Бывают катастрофы природные — землетрясения, эпидемии, засухи; рушатся горы, поднимаются и затопляют сушу моря, высыхают леса и вымирают целые виды животных. Бывают катастрофы социальные — падения империй, революции, гражданские и мировые войны: разрушаются царства, распадаются племена, гибнут миллионы людей. Бывают катастрофы духовные — крушения идеалов, падения нравов, разрушения привычных мировоззрений. Что-то подобное катастрофе третьего рода происходило с Поповым. Наступило и для него время мировоззренческих перемен: старый взгляд на окружающий мир уже не годился, нового еще не было. Точнее, было какое-то неясное до конца предчувствие новых подходов к жизни, к творчеству, к человеческим отношениям, но оно рождалось в нем с такими мучениями, с таким напряжением, что вынести все это не хватало никаких сил. А если вспомнить, что он принимал все всерьез, только взаправду, только в максималистском варианте, то станет понятно в полном объеме его душевное смятение: отход от творчества в театре (он сам не поставил больше ни одного спектакля), интенсивность поисков завещания миру (за короткое время он написал три объемистых книги), целая серия реанимаций и сравнительно преждевременная смерть...

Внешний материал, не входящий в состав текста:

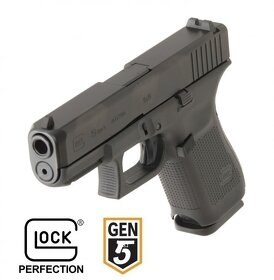 Nový, nestrieľaný Glock 19 Gen. 5 EU FS, kaliber 9x19mm - 2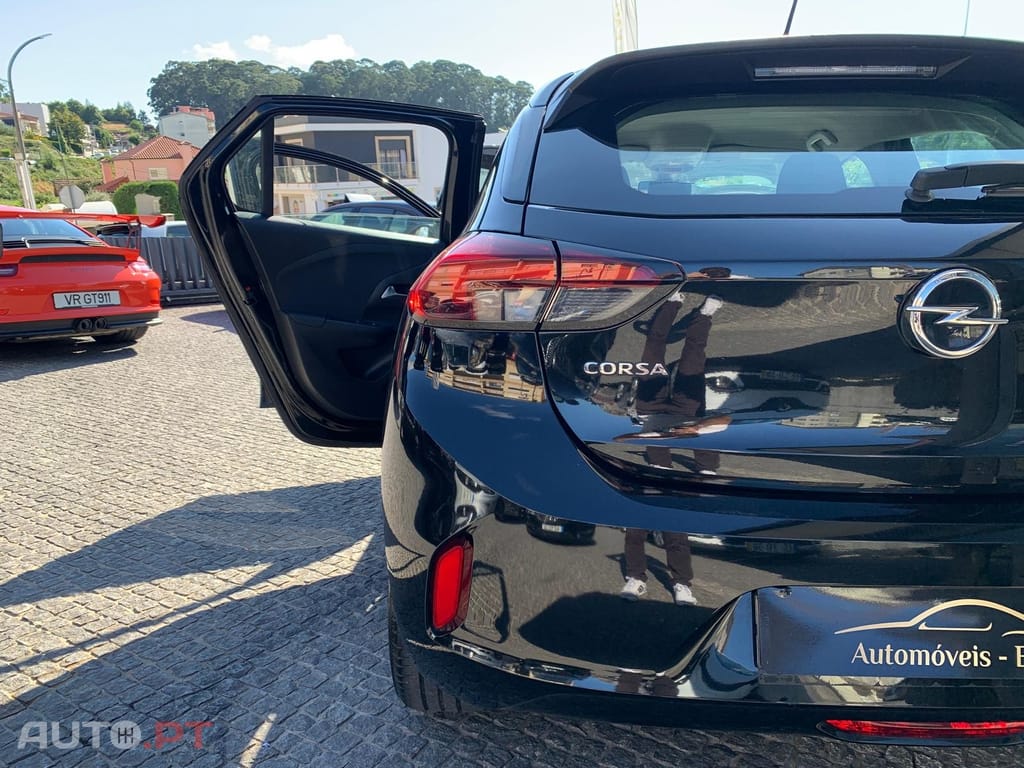 Opel Corsa 1.5 D Business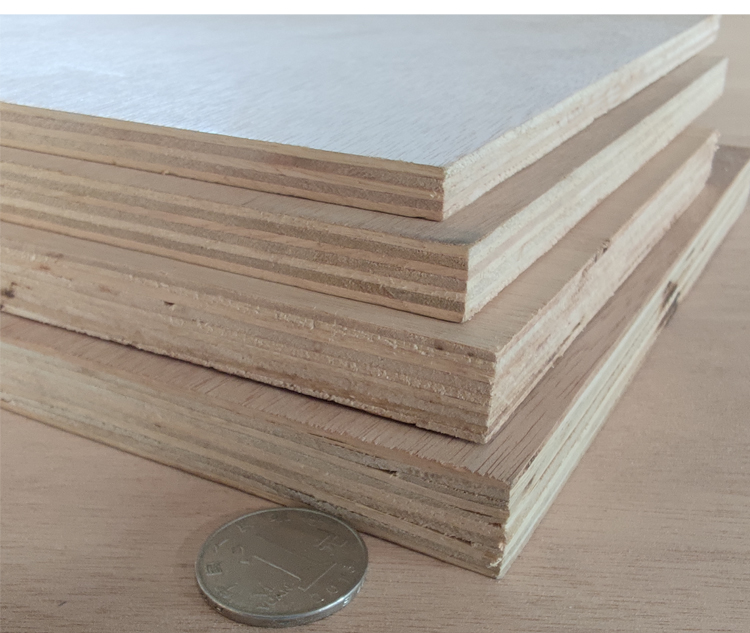 厘阻燃板夹板多层胶合板15mm包装板木箱三合板打底装修板【图片 价格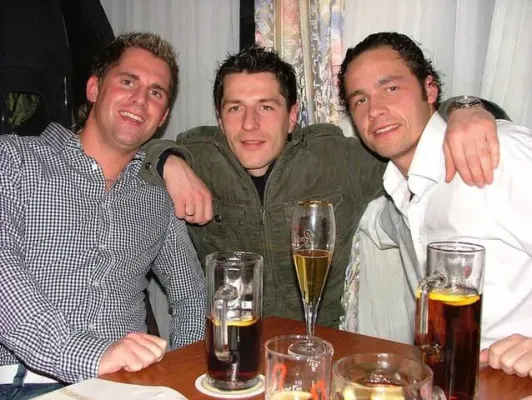 2007 - Weihnachtsfeier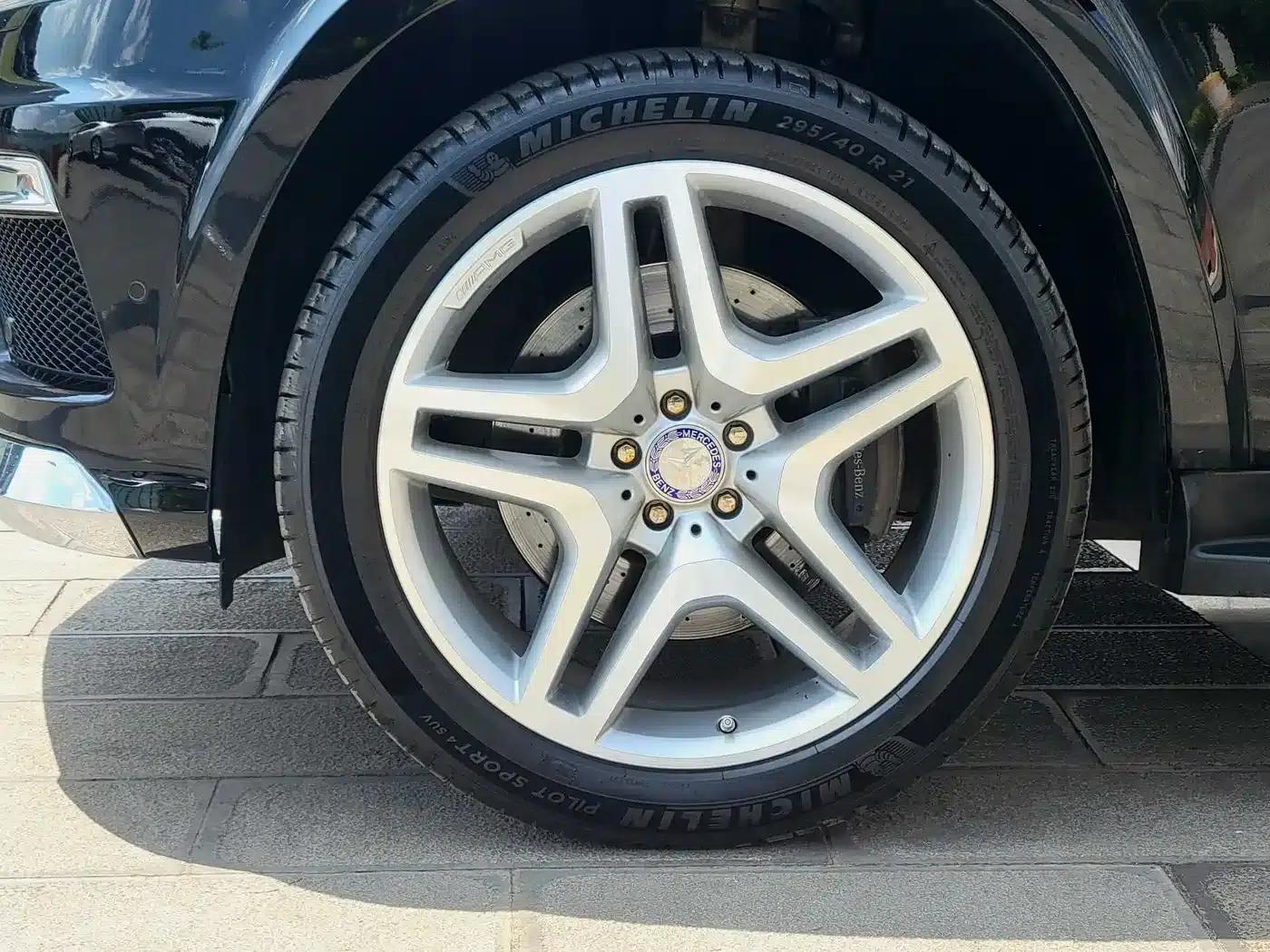 Mercedes-Benz GL-Class 2013 GL 500 4MATIC — миниатюра 15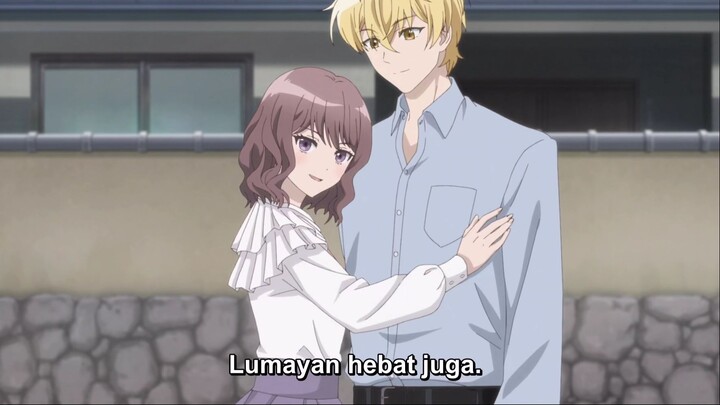 Eps_7 kisah cinderella dari pembantu keluarga malah jadi istri raja oni paling o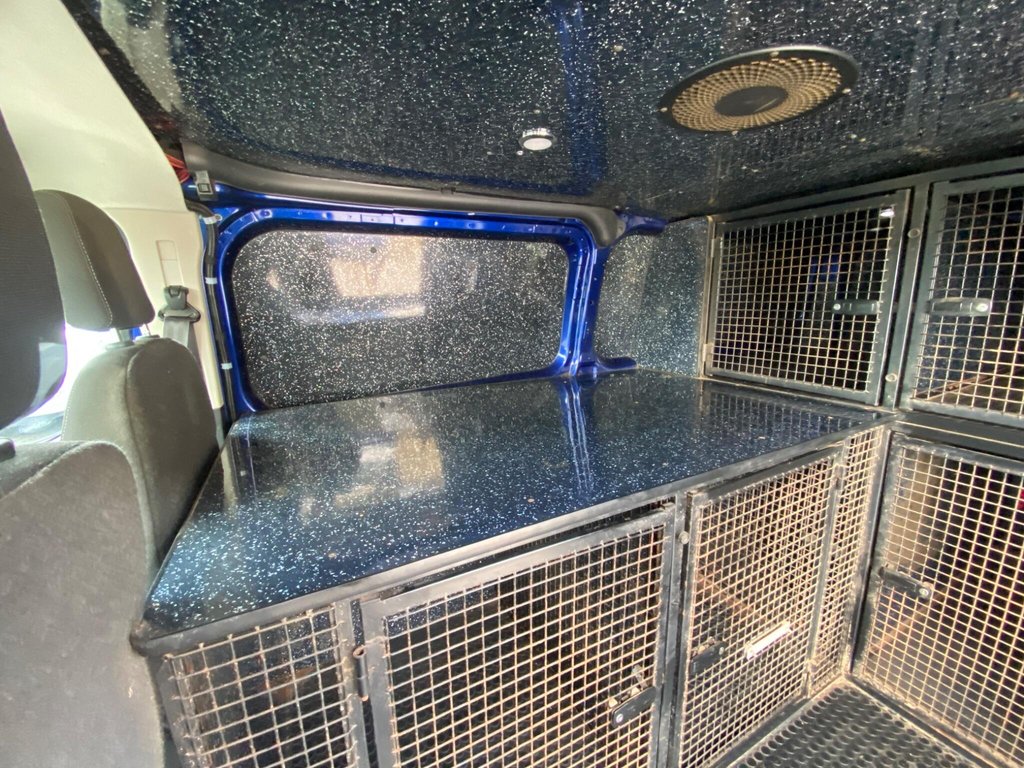 Used Ford Transit Custom 2017 for sale - 78219261: Photo 25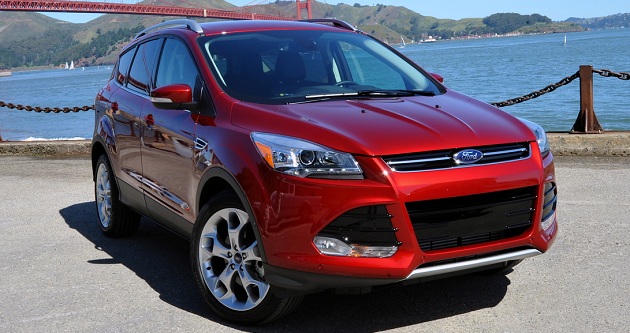 2013 Ford Escape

На самом рубеже 50-х и 60-х годов было созвано всесоюзное совещание молодых режиссеров. А. Д. пригласили в качестве свадебного генерала. Ему было поручено почетное дело — открыть конференцию в качестве патриарха режиссуры. Ни разу в жизни я не слышал более короткой речи. В его обращении к молодым режиссерам было всего три мысли: советский театр гибнет; мы его спасти не можем; надежда только на вас. Сказав это, он неловко сошел с трибуны и, сгорбившись, ни на кого не глядя, ушел из президиума. Бетховен? Микеланджело? Нет — может быть, Феофан Грек?
Он был мамонт, вымирающий на наших глазах.
То, что я думаю и пишу о нем сейчас, тогда, в далекие 50-е, было, конечно, для меня непонятно и недоступно. Он тогда был закрыт для меня и для моих размышлений. Он был тогда — табу, потому что — бог. В то время я ощущал только одно его качество — величие...
Моя любовь к нему, увы, не была взаимной. Он никогда не смотрел на меня с гордостью учителя, ни даже с обычной, общечеловеческой симпатией. Он просто не смотрел на меня и все. Его отношение ко мне было корректным, он ставил заслуженные отметки, без пропусков отмечал удачные работы, но это не было похвалой или одобрением — только констатацией факта.
Однажды холодное его безразличие расстроило меня чуть ли не до слез: в конце второго семестра так совпало, что мы оба полежали в больнице — он с инфарктом в Кремлевке, я с язвой желудка в районном стационаре. Выйдя из больницы, я по пути в институт забежал в книжный магазин ВТО. Вошел и наткнулся прямо на него. Чуть не свихнувшись от радости, я кинулся к нему и восторженно поздоровался. Он бросил на меня бескрасочный недоуменный взгляд.
Здравствуй. А ты кто же такой?
Ваш ученик.
Мой ученик?.. Где?
В ГИТИСе, на режиссерском первом курсе...
А что же я тебя не вижу на уроках?
А я в больнице лежал, почти целый месяц. Алексей Дмитрич...
Ну, ладно. Приходи на занятия, — буркнул он и вышел на улицу, оставив меня в полной растерянности.